In any case, I think this was an important step to take, but it didn’t help the speed at all. So, I tried a few optimizations of the ported scene-detection script itself. First of all, I took away the kludge I was using to represent the boolean either-this-is-the-start-of-a-scene-or-it-isn’t stream. Rather than representing true and false with white frames and black frames, as I was forced to do in AviSynth, I represented them with, well, Groovy’s true and false. Instead of having the function return a Clip, I had it return a Closure (which itself would take an int and return a boolean). This did the trick. I took away six of the filters I was using in the script, and the speed improved markedly.
Once I put in some caching for the intermediate frames, the speed improved again by about 30%. Finally, I thought I’d push the limits of Groovy optimization a bit more by implementing it in Java. There was practically no improvement. Oh, well.
In the end, it tends to take about twice as long to process the scenes as it takes to actually play the movie. That’s still somewhat dismal, but I think it’s good enough for now. Maybe once I have a complete working prototype the speed improvements will follow.
Well, I was going to work on writing something that would preprocess a video file and calculate exactly where all the cuts were and what the intensity and “bend” were at any given time, and I ran into a roadblock.
Groovy is an awesome programming language. I want to program in Groovy as much as I possibly can. And so I found Xuggler (a SWIG-based Java interface to ffmpeg), and I wrote a convenient Groovy wrapper class for accessing frames in an ffmpeg video stream.
It was great. I could load a file, get all the frames I wanted one at a time as Java BufferedImages, draw on them using Java2D, and write them back out in an image sequence. (I figure I can probably export another movie file, too, but I haven’t tried that part of Xuggler yet, let alone wrapped it.)
Now I actually needed to process those images to find motion in them, and so I set up a simple image difference filter in Groovy, and I tried it out. It was slooooooow. It processed about one frame per second. I realized Groovy would be slow, but I hoped it wouldn’t be that slow.
A couple of months ago, I took a stab at making an AMV (anime music video). I’ve done it before… once… but this time, like lots of times, I had absolutely no time to work on it because I’d jam-packed myself with more homework than I knew what to do with.
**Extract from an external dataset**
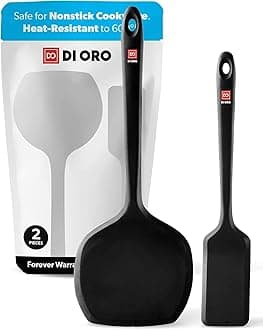New DI ORO Seamless Series Forma 2-Piece Silicone Turner Spatula Set - 600°F Heat-Resistant Flexible Kitchen Spatulas for Nonstick Cookware - Flippers for Eggs - Pancake & Compact Spatulas (Black)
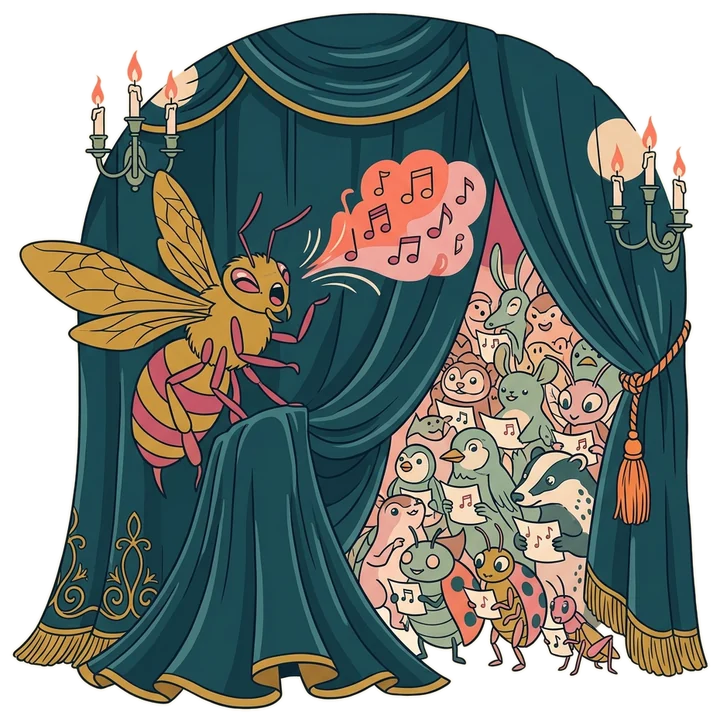 A loud golden bee on stage while other creatures wait behind the curtain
So, I found myself pacing along, in a sleep-deprived state, talking at a friend about how I tried to do such-and-such and had to do wossname instead and never found time for, um, doing that AMV thing and that since it was me of all people doing it I might as well save time in an insanely difficult way by, say, programming my computer do it all for me.
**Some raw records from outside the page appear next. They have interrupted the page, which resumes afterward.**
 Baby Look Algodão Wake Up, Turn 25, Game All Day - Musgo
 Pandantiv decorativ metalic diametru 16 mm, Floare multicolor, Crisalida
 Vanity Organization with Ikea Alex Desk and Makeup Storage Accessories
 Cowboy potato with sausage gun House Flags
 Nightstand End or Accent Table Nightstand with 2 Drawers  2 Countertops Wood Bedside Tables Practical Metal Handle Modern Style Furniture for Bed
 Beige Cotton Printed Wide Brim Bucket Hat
An automatic AMV generator. Sometimes I amaze myself. Oftentimes I come up with some idea that blows my socks off and then realize it’s just a telephone or a wheel. This time, whether or not it had been done before, I knew I was particularly persnicketily picky about my AMVs… so picky that I was sure no other automatic AMV generator could be exactly what I wanted.
To make myself clear, this is something that doesn’t exist yet, but it’s something I’ve been actively working on for a few weeks. And I’m calling it MVTron.